A band worn on the forehead.
Although the Israelites were told that they should ‘tie God’s law as a sign upon their hand’ and have it as a ‘frontlet band between their eyes,’ this evidently did not refer to the literal wearing of Scripture texts. (De 6:6-8; 11:18) True, they were instructed to wear a literal fringe upon their garments as a reminder of God’s commandments. (Nu 15:38-40) However, the evidence that the “sign” and “frontlet band” were to be figurative can be seen from God’s instructions to the Israelites concerning their commemoration of his deliverance of them. This commemoration was also to serve “as a sign upon your hand and as a memorial between your eyes” and “as a frontlet band between your eyes.”—Ex 13:9, 14-16.
In what sense were Israelites to wear God’s law as a frontlet band between their eyes?
It appears that Jehovah meant that the Law should be kept as distinctly in view and should be as carefully attended to as if it were written on a tablet between their eyes, and as if it were a sign upon their hands, so that, wherever they looked and whatever they did, they could not fail to have the Law before them. However, the Jews, sometime after their return from Babylon, developed a formalistic religion based on traditions of men (Mt 15:3, 9), in which they gave this law a literal application. Strips of parchment were used, on which four passages of Scripture were written, namely Exodus 13:1-10, 11-16; Deuteronomy 6:4-9; 11:13-21. At least in later times, the parchment was rolled up in small cases of calfskin and fastened to the forehead and the left arm. Male Jews wore these during morning prayer, except on festival days and the Sabbath.

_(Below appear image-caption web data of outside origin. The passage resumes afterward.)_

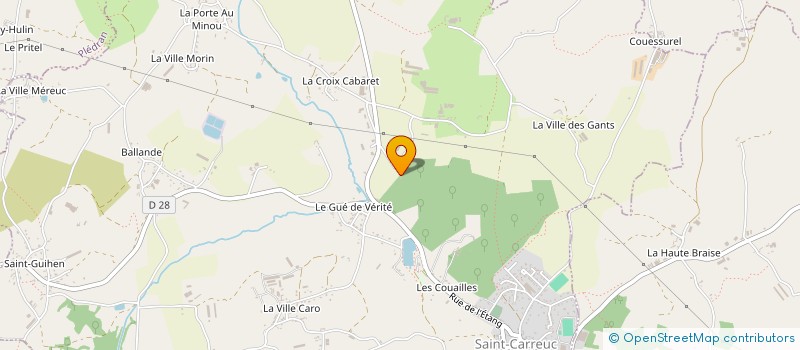 localisation de l'entreprise BP MENUISERIES à SAINT-CARREUC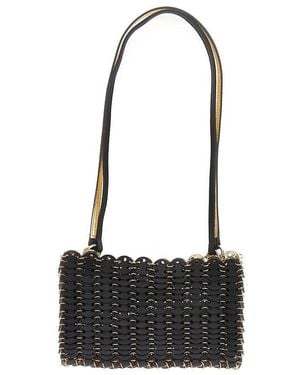 Rabanne '1969' Reversible Leather Bag - Black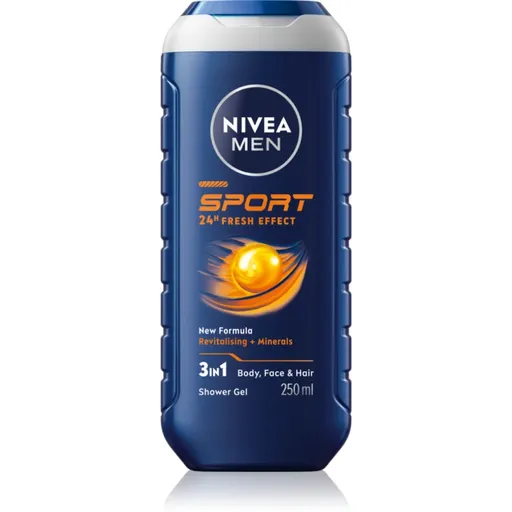 NIVEA MEN Sport sprchový gel s minerály pro muže 250 ml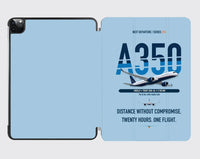 Thumbnail for Airbus A350-900ULR design on light blue ipad tablet case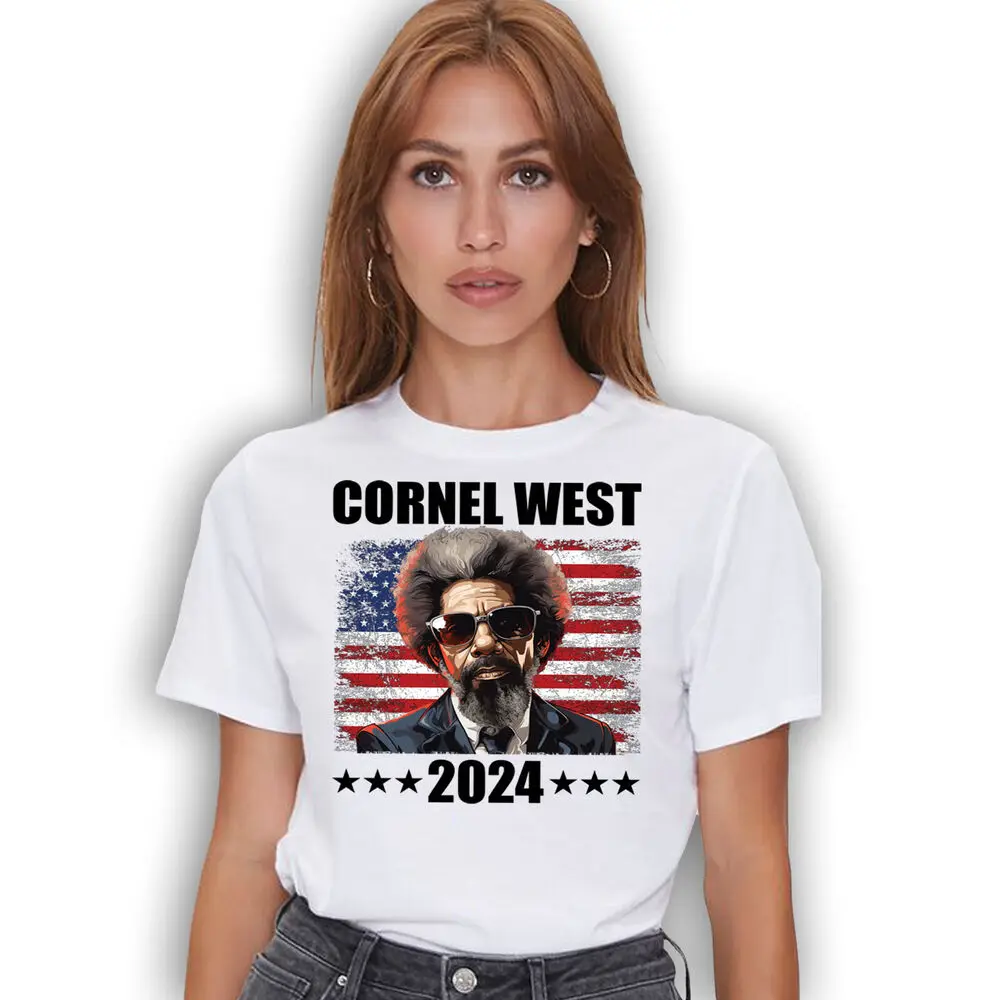 Футболка Cornel West для президента-футболка 2024 с флагом США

Jesus Christ condemned the hypocrisy of the scribes and Pharisees, who, in order to impress others with their righteousness, broadened the scripture-containing cases that they wore as safeguards. (Mt 23:2, 5) The Greek word phy·la·kteʹri·on, “phylactery,” which applies to such a scripture-containing case, means primarily an outpost, fortification, or safeguard. These were worn, therefore, as a safeguard, amulet, or charm.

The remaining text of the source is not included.